→ **Work item**
In the copy, include all of the listing exactly and none of its pictures.

======== Data

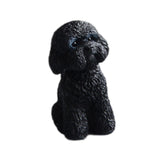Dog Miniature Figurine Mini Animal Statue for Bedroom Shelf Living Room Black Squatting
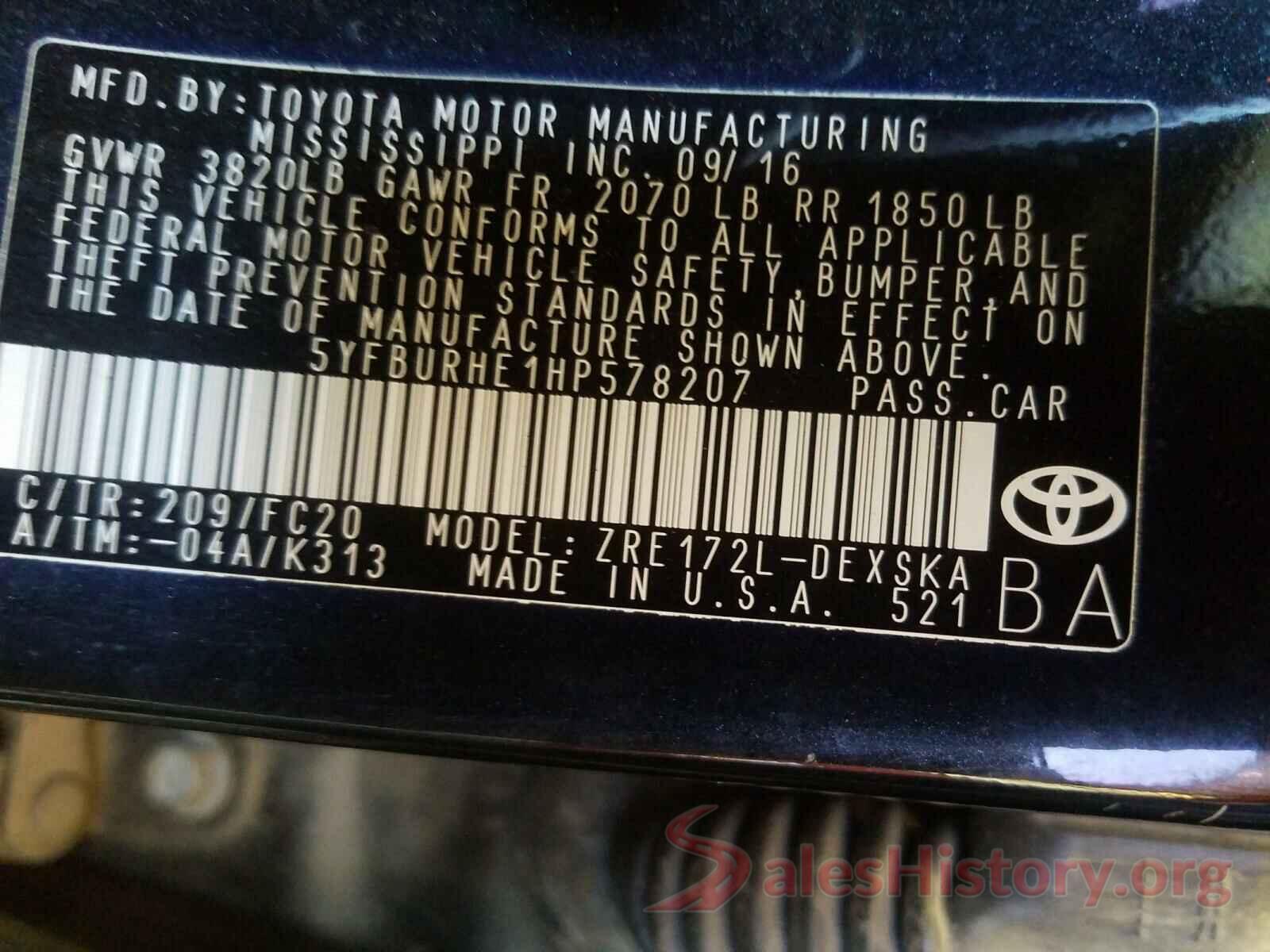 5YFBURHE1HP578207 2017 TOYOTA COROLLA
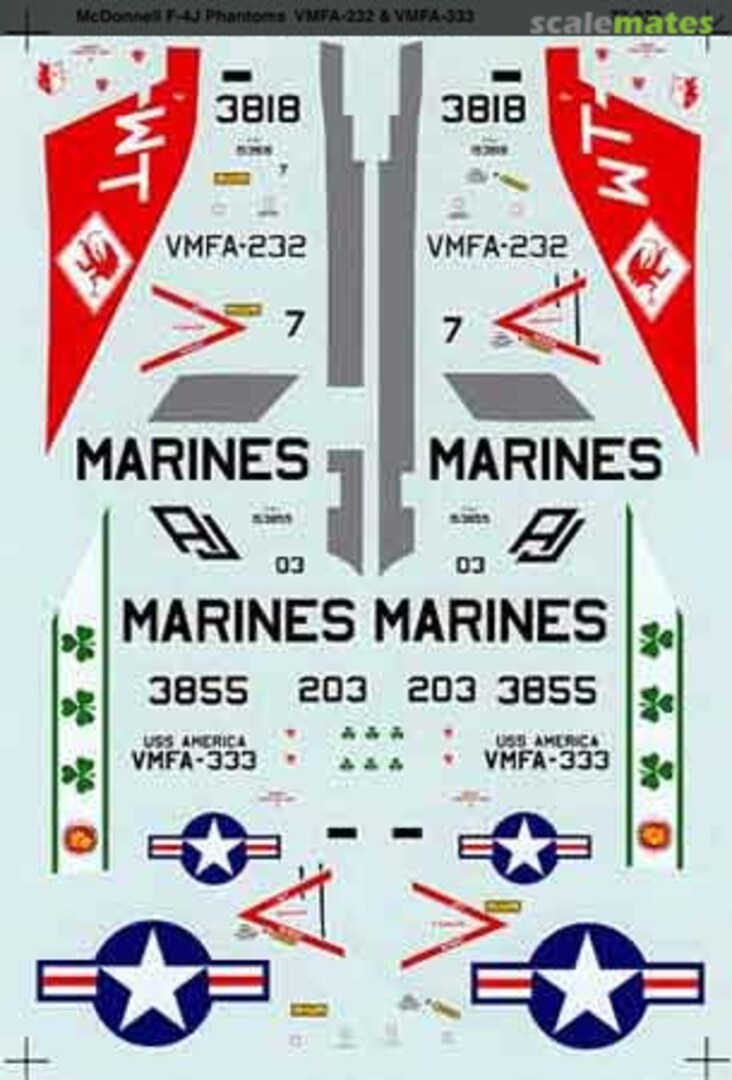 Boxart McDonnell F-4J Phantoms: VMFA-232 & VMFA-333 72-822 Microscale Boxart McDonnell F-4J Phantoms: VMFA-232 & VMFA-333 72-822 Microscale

================

→ **Your response**
Dog Miniature Figurine Mini Animal Statue for Bedroom Shelf Living Room Black Squatting
 5YFBURHE1HP578207 2017 TOYOTA COROLLA
 Boxart McDonnell F-4J Phantoms: VMFA-232 & VMFA-333 72-822 Microscale Boxart McDonnell F-4J Phantoms: VMFA-232 & VMFA-333 72-822 Microscale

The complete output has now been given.